Ukraine will take back Crimea: Zelenskyy
Ukraine's President Volodymyr Zelenskyy attends a raising ceremony of the country's biggest national flag to mark the Day of the State Flag, amid Russia's attack on Ukraine, in Kyiv, Ukraine, Aug. 23, 2022. (Reuters Photo)


Ukrainian President Volodymyr Zelenskyy said on Tuesday that Ukraine would recapture its annexed peninsula of Crimea from Russia by any means and time it seemed right.

Zelenskyy made the comments at a news conference in Kyiv after the leaders of dozens of countries and international organizations took part – most of them by video – in Crimea Platform, a forum hosted by Ukraine focused on the peninsula.

"We will take back Crimea – it is our territory. We will do this in any way which we decide. We will decide this by ourselves, without consultation with any other country in the world," he told reporters.

Russia annexed Crimea in 2014 years before launching its full-scale invasion in February this year, seizing chunks of Ukraine's southern Kherson and Zaporizhzhia regions.

Ukraine has used Western-supplied weapons to target Russian supply lines and has pledged to conduct a major counteroffensive in the south.

There has been a spate of explosions in Crimea in recent weeks that Ukraine has not claimed responsibility for even as it has coyly hinted its forces have played a part.

In his comments on Tuesday, Zelenskyy addressed the crisis at the Russian-held nuclear power plant in Zaporizhzhia that has been hit by shelling in recent weeks, prompting calls for a mission of the International Atomic Energy Agency to the site.

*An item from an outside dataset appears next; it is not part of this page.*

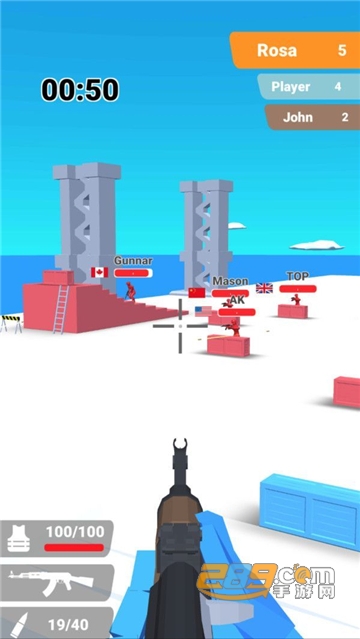 突突突就对了手游最新版v1.0.2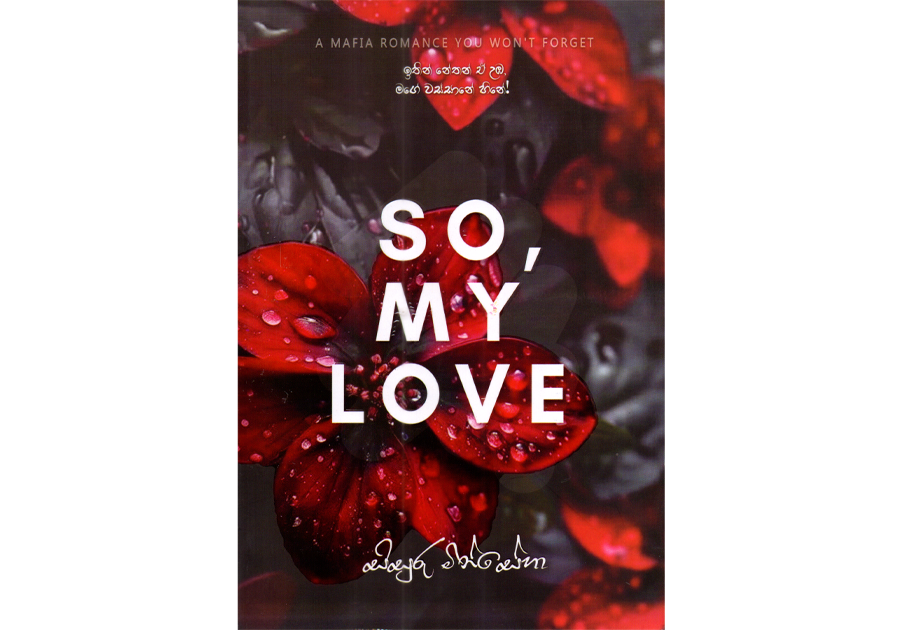 My Bully My Love | So My Love - Image 3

Russia has proposed that the mission travel to the site of the nuclear power plant from annexed Crimea, a proposal that Zelenskyy said would be contrary to Ukraine's laws.

"We know there were proposals for IAEA representatives to travel through occupied Crimea. We said that if this happens, then the IAEA will not (be able to) come to (Ukraine) anymore, according to our laws," said Zelenskyy.